How the Civil Service could change Sierra Leone by 2025


By 2007 many Sierra Leoneans were disillusioned with the two-term Ahmad Tejan Kabbah administration and felt that the president had failed to deliver on post-war development promises.




The parliamentary and presidential elections produced a transfer of power from the Sierra Leone People’s Party to a coalition of the All People’s Congress (APC) and the Peoples Movement for Democratic Change (PMDC) party. The APC’s Ernest Bai Koroma headed the new government.

The civil service by the quality of its knowledge and experience of public affairs supports elected government in devising effective state policies and has a responsibility to implement these policies for the nation’s well-being.

In which light, the Sierra Leone Civil Service played various roles in the 2007 transition with varying degrees of success.

During the 2007 transition, critical gaps existed, particularly in the middle, professional and senior management cadres.
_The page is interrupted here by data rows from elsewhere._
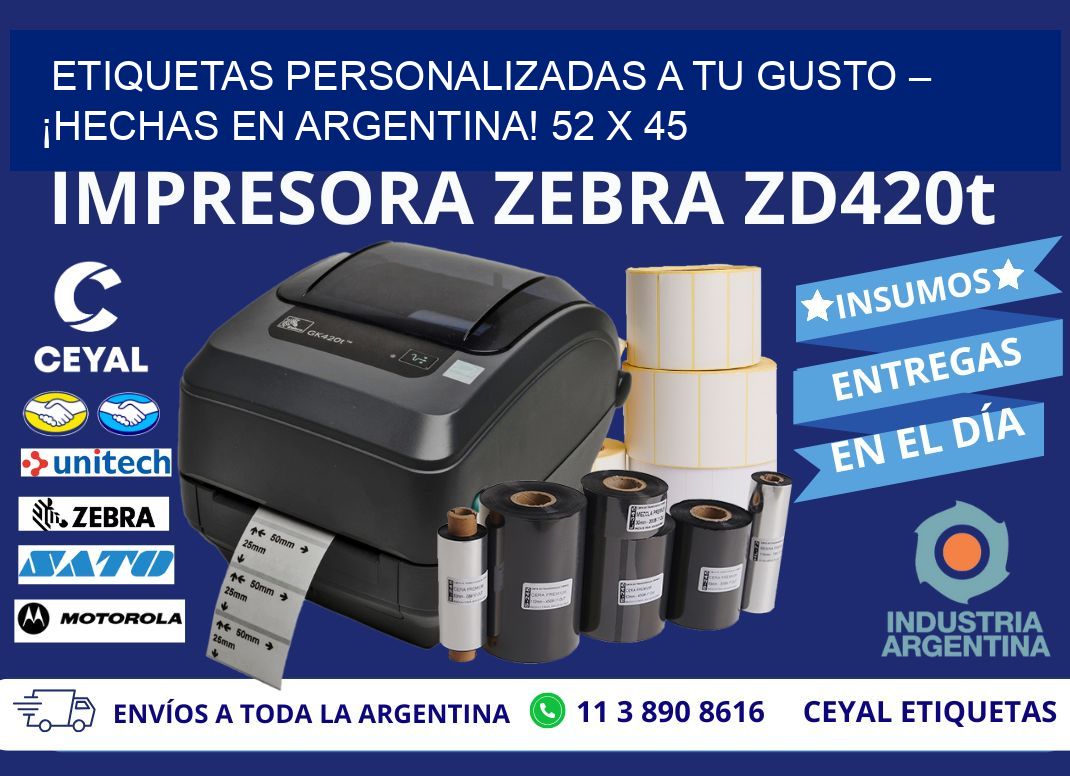 ETIQUETAS PERSONALIZADAS A TU GUSTO – ¡HECHAS EN ARGENTINA! 52 x 45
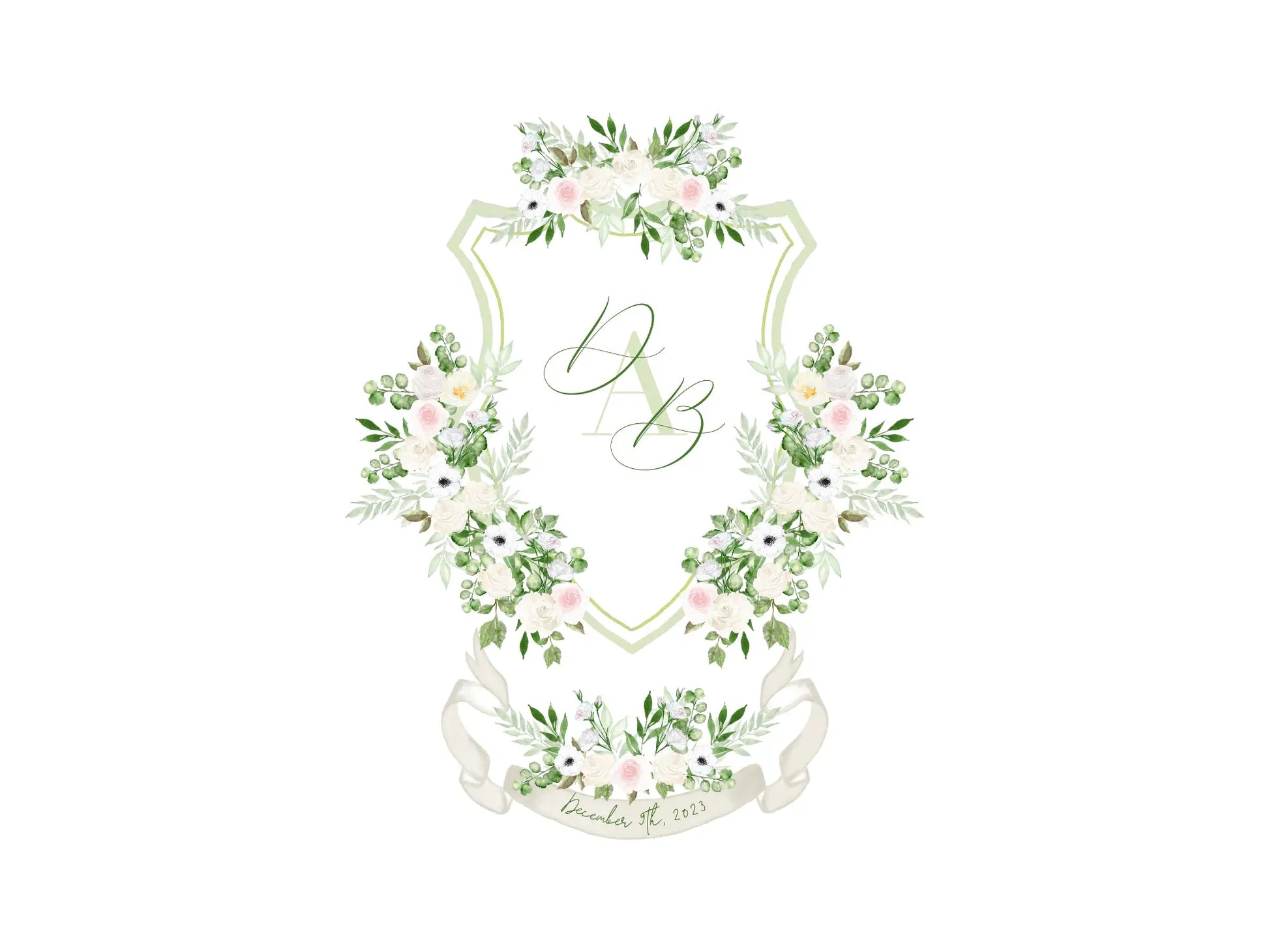White Wedding Crest, White floral watercolor crest The Wedding Crest Lab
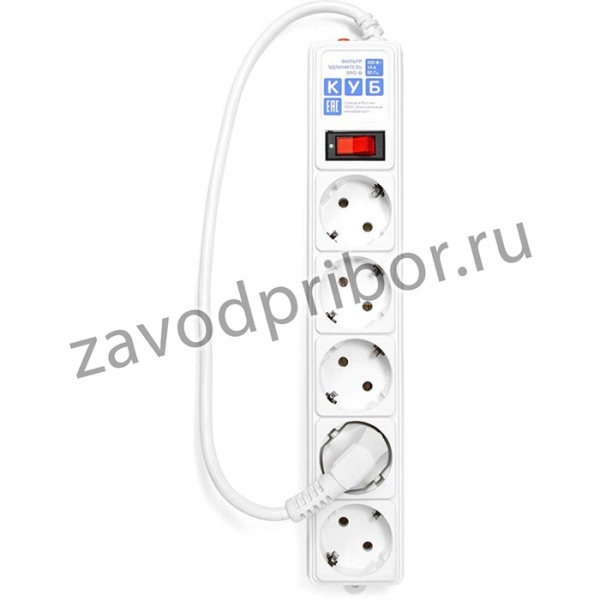 Фильтр-удл. PC 0,5м 5р, бел. 10А/2,2кВт SPG-B-0,5М-WHITE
There were only 995 civil servants in mid-level professional and technical grades – compared with 5, 858 in 1993/94 at the start of the war. Senior management of the service comprised 0.9 percent of the total workforce.


Major challenges facing the Sierra Leone Civil Service during the 2007 transition included political patronage, non-transparent methods of recruitment, lack of structured training, lack of support from civil servants themselves for action, limited administrative leadership and insufficient technical capacity at the middle.

It is debatable whether the 2007 transition produced the expected results leading to improvements that included effective management of the state and its financial and natural resources; promotion of sustainable development and political stability, and, critically, safeguarding constitutionalism, the rule of law and human rights.

The transition underscored the need for the government to generate policy and initiatives on issues of economic development, governance, democracy and other issues that highlight a human and social perspective to development, and bringing national voices, such as Parliament, the Auditor General, the Anti-Corruption Commission, Civil Society and the Media to bear on these issues.

In a bid at reform, Sierra Leone launched Vision 2025 on March 15, 2001. It was a comprehensive vision of the government’s long-term development objective within which the Poverty Reduction Strategy Paper (PRSP) was encapsulated.

Poverty Reduction Strategy Papers
 are prepared by in broad consultation with stakeholders and development partners, including the staffs of the World Bank and the International Monetary Fund. 


One of the key objectives of the then President Kabbah for the realization of its short and long-term development objectives was for action to be taken to create a leaner, well-motivated and capable, efficient Civil Service to implement the Poverty Reduction Strategy Papers.

Actions taken by the government included, among others, filling of critical gaps through competitive recruitment, the transformation of the Establishment Secretary’s Office to Human Resource Management Office, implementing comprehensive training policy, formulation of pay and grading strategy, records management, etc.

A key area that needed reform during the 2007 transition centered on improvement of managerial capacity, and key competencies for policy development, design, implementation, and support for service delivery to take care of gaps in capacity in coordination, monitoring, evaluation, policy development, and strategic planning.

Experts link institutional and capacity weakness of the civil service with the fundamental causes of failure of the government to effectively translate development aspirations into real socio-economic benefits for most of the population.

The Sierra Leone Civil Service is a designated servant of the state or the central government employed as civilians. It does not include ministers or cabinet members or the Judiciary. It does not cover local government employees or the staff of public enterprises.

In this framework, the Sierra Leone civil service is the collection of administrative and professional staff employed on a permanent and pensionable basis to established posts by the state to advise on and execute its policies.
Its core functions include: offering non-partisan advice to political leadership; contributing to effective policy-making and regulation; effects, effective coordination between institutions of governance; providing leadership at different levels of administration; delivering government services and providing continuity and change to the administration.